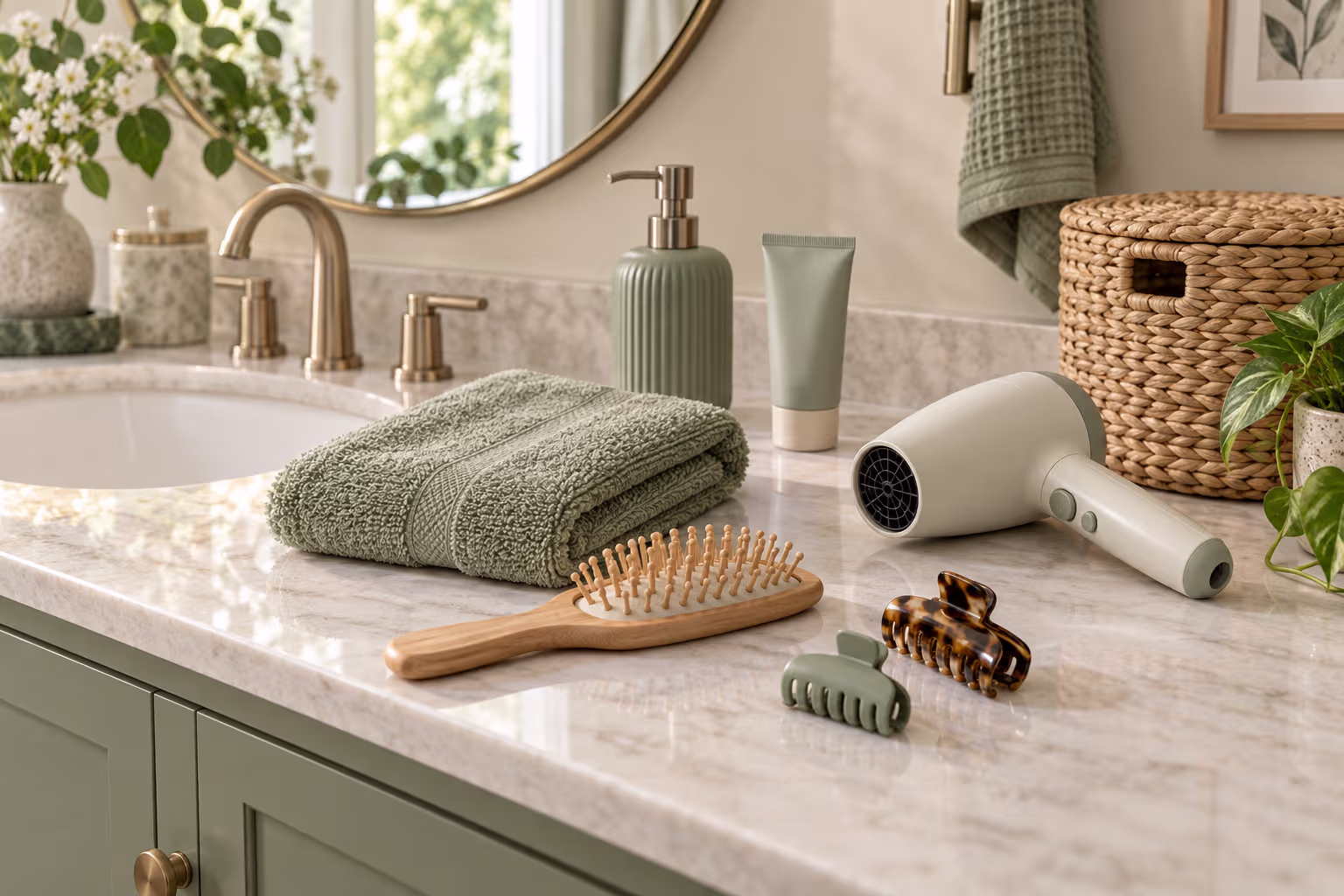 Hairbrush, hand towel, hair dryer, hair clips, soap dispenser and hamper arranged on a bathroom vanity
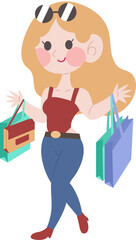 girl with shopping bags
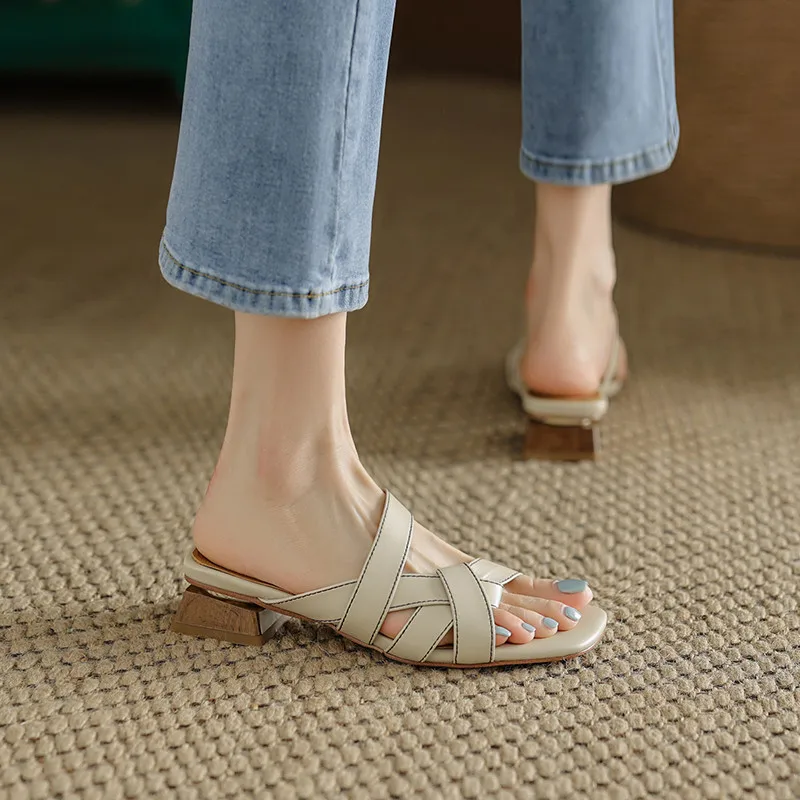 FEDONAS Summer Women Sandals Low Heels Slippers Narrow Band Hollow Genuine Leather Casual Pumps Shoes Woman Fashion Concise New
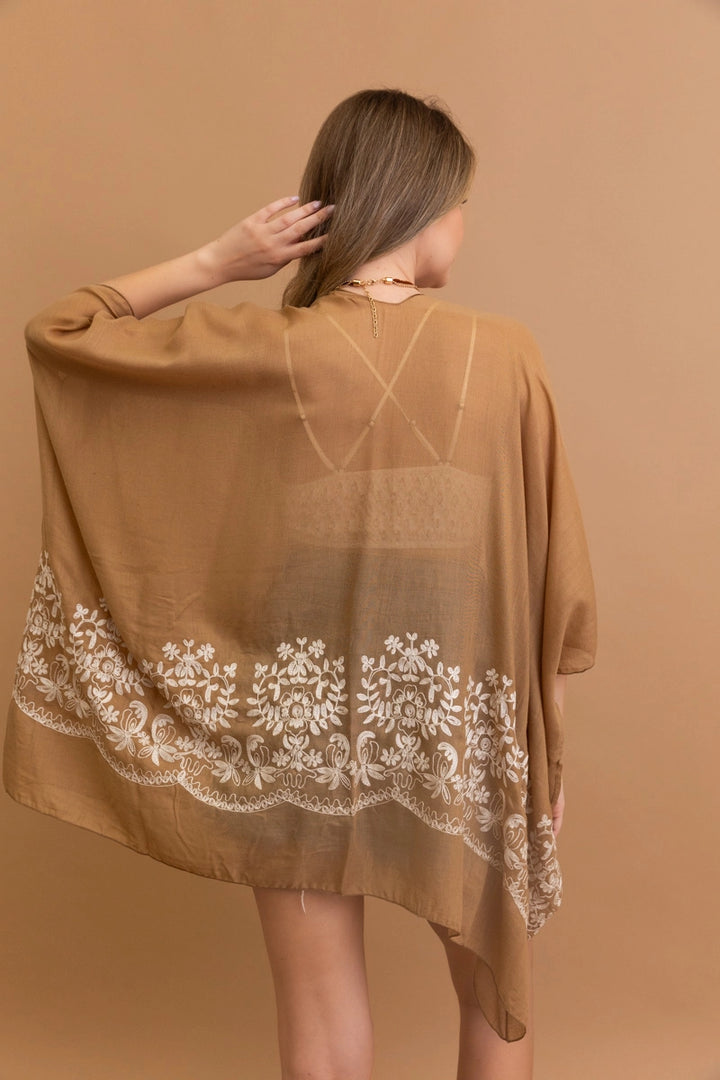 Floral Embroidered Kimono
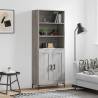 Highboard Grey Sonoma 69.5x34x180 cm Engineered Wood Colour grey sonoma Quantity in Package 1 Model 2 wood doors 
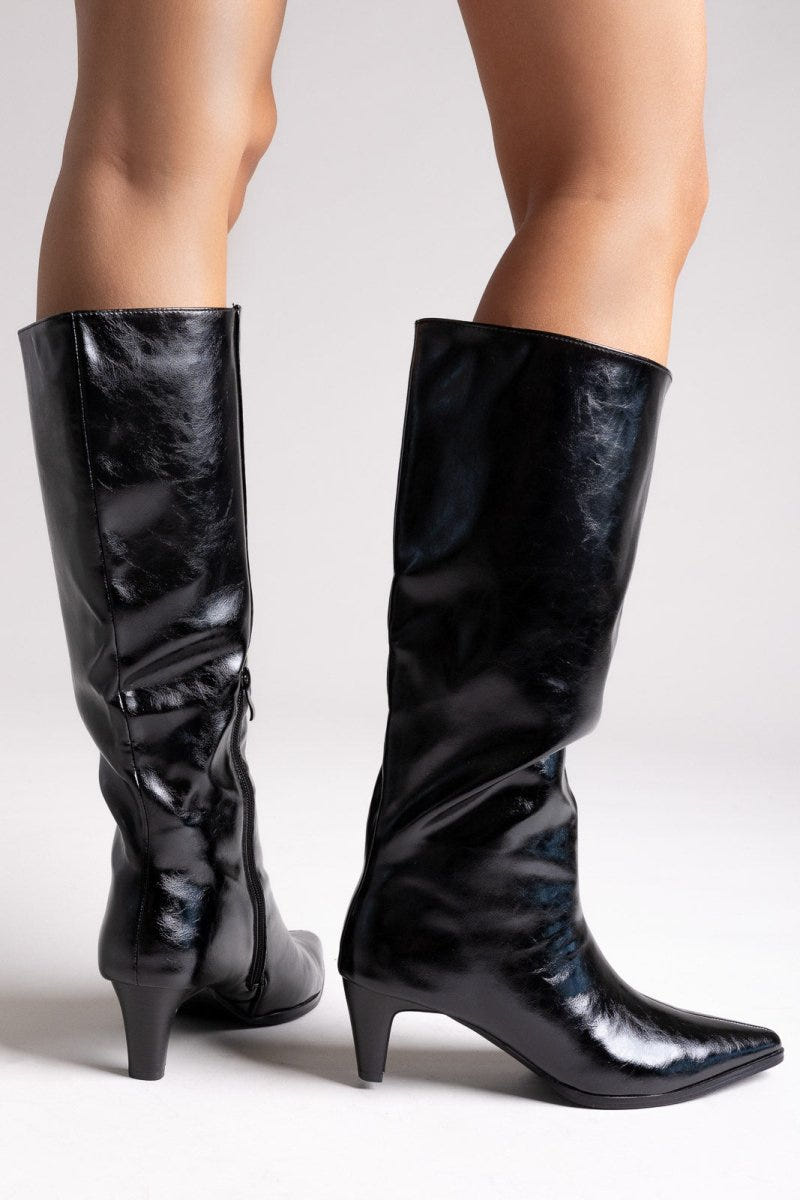 Pointed Crinkled Patent Boots with Kitten Heel - Black Crinkled Patent - thefashionproject.gr - Ideal shoes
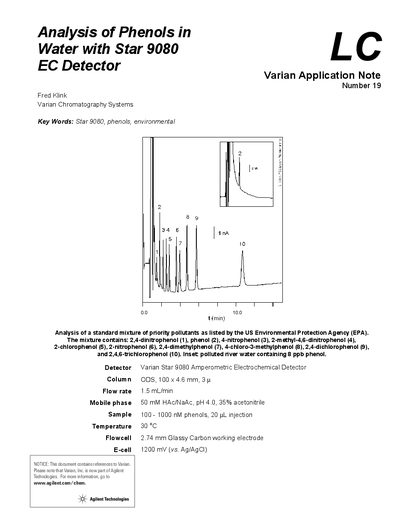 Varian Star 9080 EC Detector Analysis of Phenols in Water - cover page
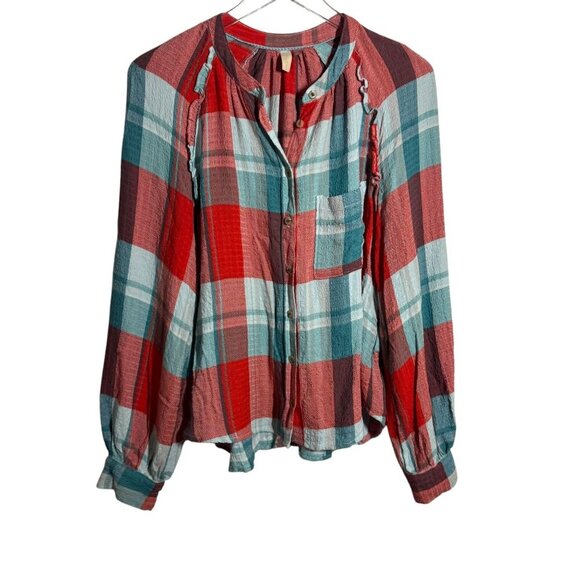 Pilcro Anthropologie size Small breezy plaid button down shirt top long sleeve - Picture 1 of 8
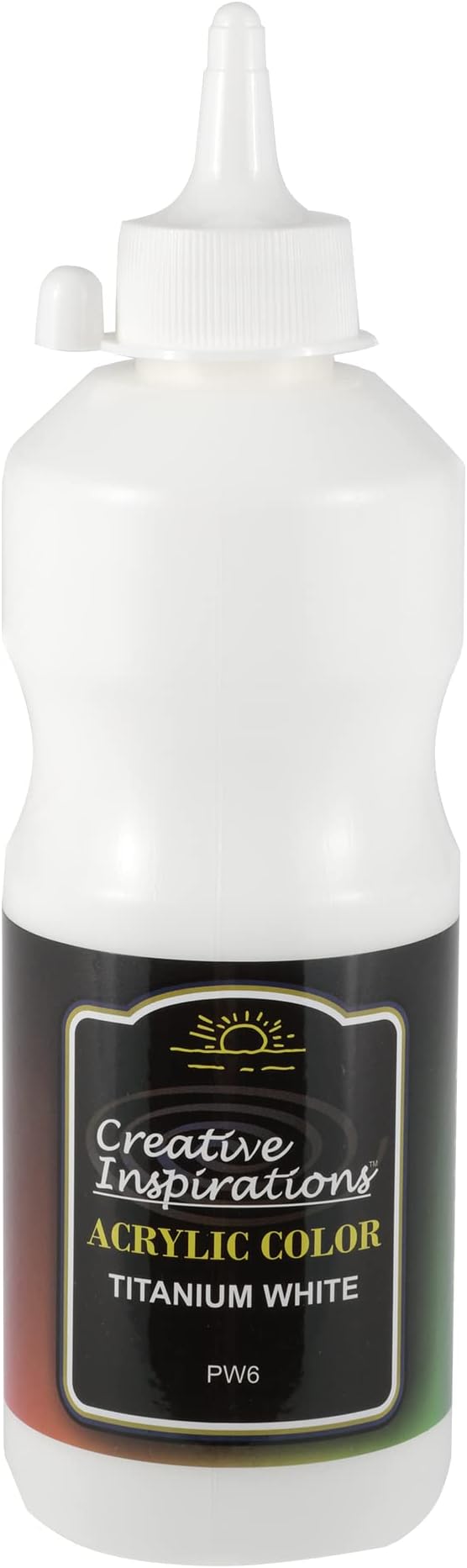 Creative Inspirations Acrylic Paint - Titanium White - 500 mL Bottle - Smooth & Creamy Consistency, Vibrant Pigmentation, Great Coverage for Artists - Clean Up with Soap & Water
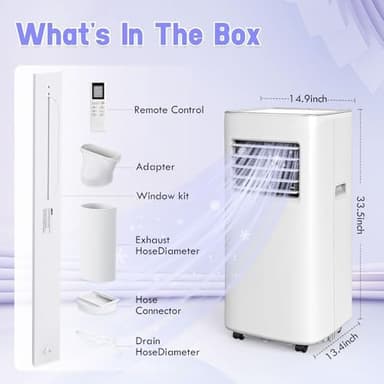 Spürbar 8500BTU Portable Air Conditioner 3-IN-1 with Fan&Dehumidifier AC unit with LED Remote Control up to 450 sq.ft. Room Air Conditioner with Sleep Mode,24H Timer,2 speed,Auto-evaporativ - Image 7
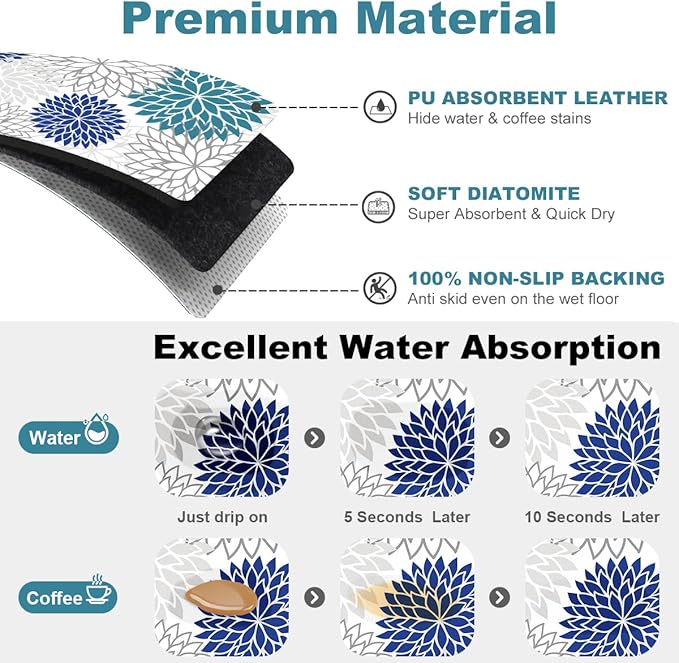 Findosom 2PCS 17" x 32" Dish Drying Mat & 24" x 5.5" Sink Splash Guard, Super Absorbent & Cuttable Dish Mat Drying Kitchen Mat with Blue Floral, Hide Stain Drying Mat for Kitchen Counter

···

> _WHAT YOU WILL DO_:
Could you reproduce all of the data above exactly and skip any image?

> _ANSWER SPACE_:
 Hairbrush, hand towel, hair dryer, hair clips, soap dispenser and hamper arranged on a bathroom vanity
 girl with shopping bags
 FEDONAS Summer Women Sandals Low Heels Slippers Narrow Band Hollow Genuine Leather Casual Pumps Shoes Woman Fashion Concise New
 Floral Embroidered Kimono
 Highboard Grey Sonoma 69.5x34x180 cm Engineered Wood Colour grey sonoma Quantity in Package 1 Model 2 wood doors 
 Pointed Crinkled Patent Boots with Kitten Heel - Black Crinkled Patent - thefashionproject.gr - Ideal shoes
 Varian Star 9080 EC Detector Analysis of Phenols in Water - cover page
 Pilcro Anthropologie size Small breezy plaid button down shirt top long sleeve - Picture 1 of 8
 Creative Inspirations Acrylic Paint - Titanium White - 500 mL Bottle - Smooth & Creamy Consistency, Vibrant Pigmentation, Great Coverage for Artists - Clean Up with Soap & Water
 Spürbar 8500BTU Portable Air Conditioner 3-IN-1 with Fan&Dehumidifier AC unit with LED Remote Control up to 450 sq.ft. Room Air Conditioner with Sleep Mode,24H Timer,2 speed,Auto-evaporativ - Image 7
 Findosom 2PCS 17" x 32" Dish Drying Mat & 24" x 5.5" Sink Splash Guard, Super Absorbent & Cuttable Dish Mat Drying Kitchen Mat with Blue Floral, Hide Stain Drying Mat for Kitchen Counter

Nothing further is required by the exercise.